**Collected material:**
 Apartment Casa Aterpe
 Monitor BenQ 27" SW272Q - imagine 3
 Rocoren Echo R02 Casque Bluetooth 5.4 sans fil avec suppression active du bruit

**Your instructions:**
Print each line of the data exactly as it was written.

**Task answer:**
 Apartment Casa Aterpe
 Monitor BenQ 27" SW272Q - imagine 3
 Rocoren Echo R02 Casque Bluetooth 5.4 sans fil avec suppression active du bruit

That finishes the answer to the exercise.